§ **ACTIVITY**:
Please reproduce the data exactly and omit the pictures.

§ **AVAILABLE DATA**:
============================================================

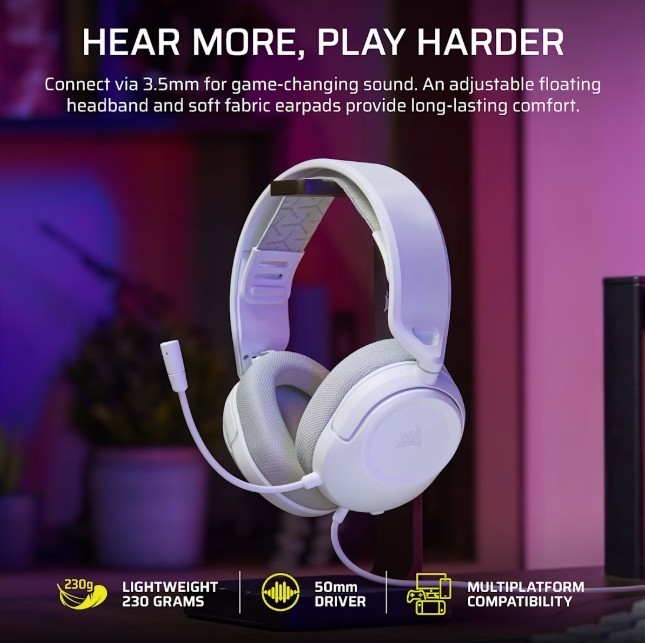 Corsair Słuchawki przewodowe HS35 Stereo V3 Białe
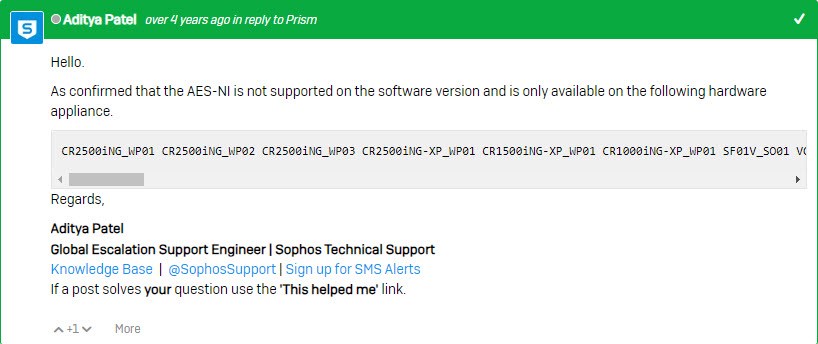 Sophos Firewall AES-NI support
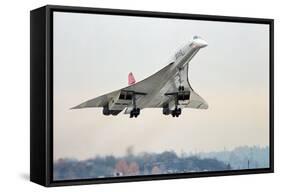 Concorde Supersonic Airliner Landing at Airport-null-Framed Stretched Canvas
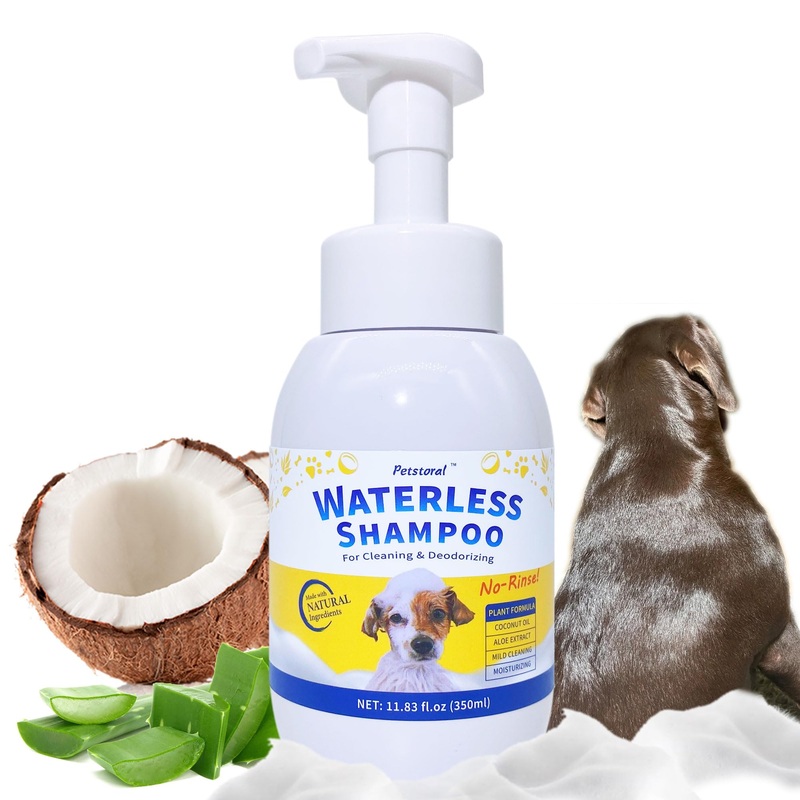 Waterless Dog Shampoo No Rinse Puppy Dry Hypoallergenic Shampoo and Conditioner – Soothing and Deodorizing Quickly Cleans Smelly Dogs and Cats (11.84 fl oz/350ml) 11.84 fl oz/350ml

============================================================

§ **WRITTEN RESPONSE**:
 Corsair Słuchawki przewodowe HS35 Stereo V3 Białe
 Sophos Firewall AES-NI support
 Concorde Supersonic Airliner Landing at Airport-null-Framed Stretched Canvas
 Waterless Dog Shampoo No Rinse Puppy Dry Hypoallergenic Shampoo and Conditioner – Soothing and Deodorizing Quickly Cleans Smelly Dogs and Cats (11.84 fl oz/350ml) 11.84 fl oz/350ml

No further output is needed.